Vendredi 15 août, la chute d’un bus dans le fleuve El Harrach, à l’est d’Alger, a fait dix-huit morts et une vingtaine de blessés. Après l’émotion, ce drame a suscité la colère.

Cet accident est le dernier d’une longue liste qui, cette année, a endeuillé des milliers de familles. C’est plus qu’un fait divers, c’est l’accident de trop qui met en lumière le mépris d’un pouvoir qui a laissé les infrastructures se délabrer et a livré les transports collectifs au secteur privé, qui en détient 95 %. Chaque jour, pour se déplacer, des millions de personnes sont contraintes d’emprunter un réseau anarchique et des bus vétustes, datant souvent de plus de trente ans.

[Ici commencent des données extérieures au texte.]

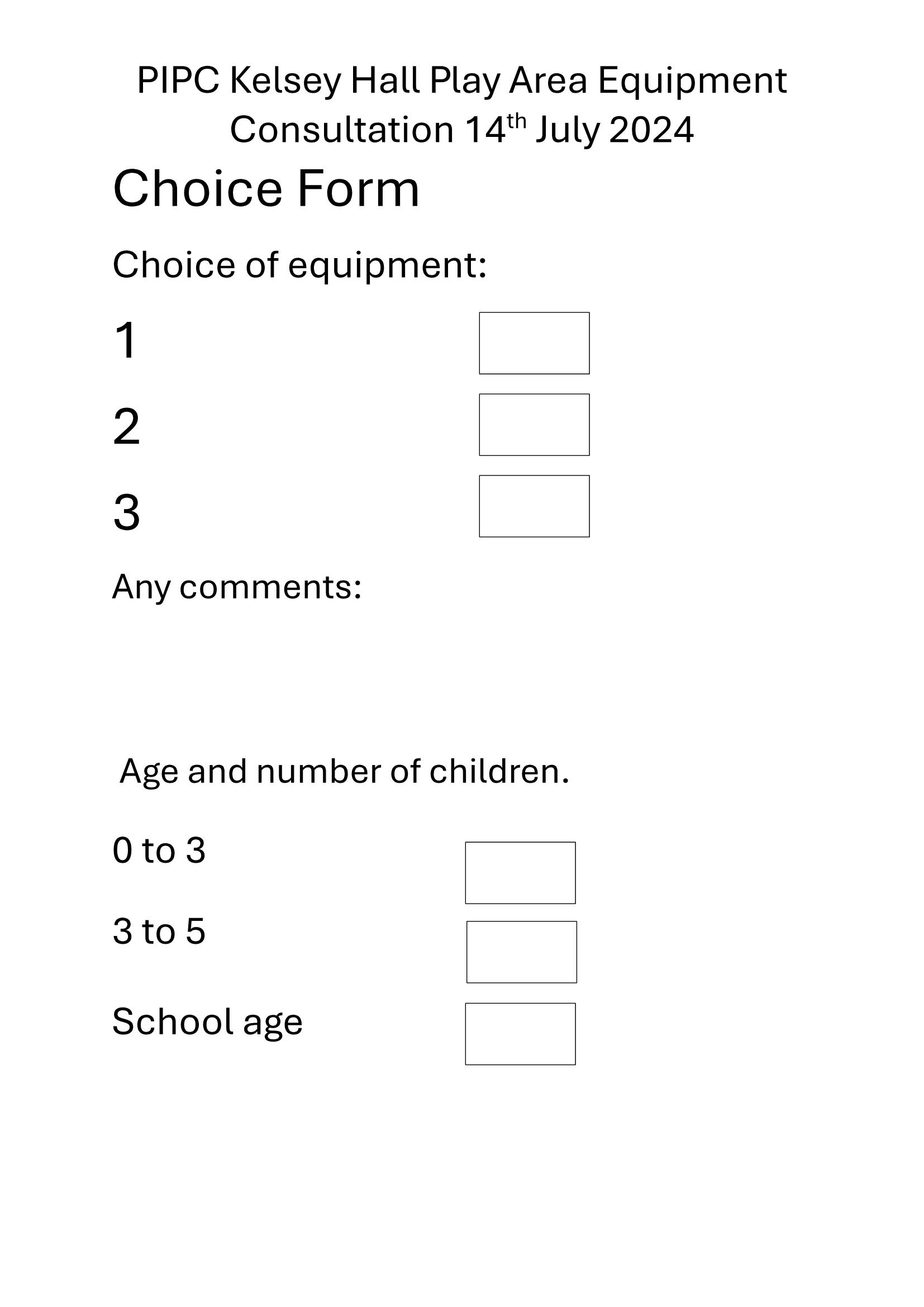 Choice Form_Page_1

L’enquête a révélé que le certificat de contrôle technique avait été falsifié et que le bus, hors d’usage, était surchargé. Cela a conduit à l’arrestation du chauffeur, du receveur, du propriétaire du véhicule ainsi que du contrôleur technique. Ces arrestations n’ont fait qu’attiser la colère, car ni le receveur ni le chauffeur ne sont responsables du réseau de transport et de la pénurie de bus qui oblige les usagers à voyager entassés. Certes, en ce jour de canicule, le chauffeur, éboueur la semaine et chauffeur le weekend, n’était sans doute pas au mieux de sa forme. Mais, comme des millions de travailleurs, il n’a pas d’autre choix que de cumuler deux emplois pour subvenir aux besoins de sa famille.

Si certains propriétaires de bus ont peu de scrupules et usent leur matériel jusqu’à la corde, la majorité, faute de pièces détachées, n’a tout simplement pas les moyens de les entretenir correctement. Quant à renouveler leur flotte, c’est quasiment impossible avec la limitation des importations.

Aussi, beaucoup estiment que ces arrestations sont injustes et que les vrais responsables sont épargnés. Les privilégiés du régime ne risquent pas leur vie dans des transports collectifs. Ils possèdent des SUV de luxe, vivent dans des quartiers protégés où les poubelles sont ramassées tous les jours. Ils peuvent envoyer leurs enfants étudier à l’étranger et ne se soignent pas dans les hôpitaux algériens. À l’image du président Abdelmadjid Tebboune qui, depuis l’Allemagne où il se fait soigner, a décrété une journée de deuil national pour calmer la colère.

Une semaine avant le drame, il avait promis à son homologue libanais, Joseph Aoun, lors de sa visite à Alger, de verser 50 à 200 millions de dollars pour « la reconstruction du Liban-Sud ». Cette promesse avait déjà provoqué un fort mécontentement. La posture de Tebboune, qui se targue d’avoir fait de l’Algérie la troisième économie du continent africain et qui prétend aider les autres pays d’Afrique et le Liban, ne passe plus auprès des classes populaires.

Paupérisation croissante, mépris patronal, corruption, les causes qui avaient donné naissance, en 2019, au Hirak, le plus grand mouvement populaire depuis l’indépendance, sont toujours là. La répression accrue dont use le régime ne pourra pas indéfiniment contenir la colère.